Start of Block

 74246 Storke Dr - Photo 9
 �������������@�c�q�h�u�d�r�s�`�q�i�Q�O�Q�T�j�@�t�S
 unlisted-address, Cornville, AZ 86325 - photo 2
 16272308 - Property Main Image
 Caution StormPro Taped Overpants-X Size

End of Block

WHAT TO PRODUCE: Write out the full listing, keeping every line exactly as it is.

FINISHED TASK:
 74246 Storke Dr - Photo 9
 �������������@�c�q�h�u�d�r�s�`�q�i�Q�O�Q�T�j�@�t�S
 unlisted-address, Cornville, AZ 86325 - photo 2
 16272308 - Property Main Image
 Caution StormPro Taped Overpants-X Size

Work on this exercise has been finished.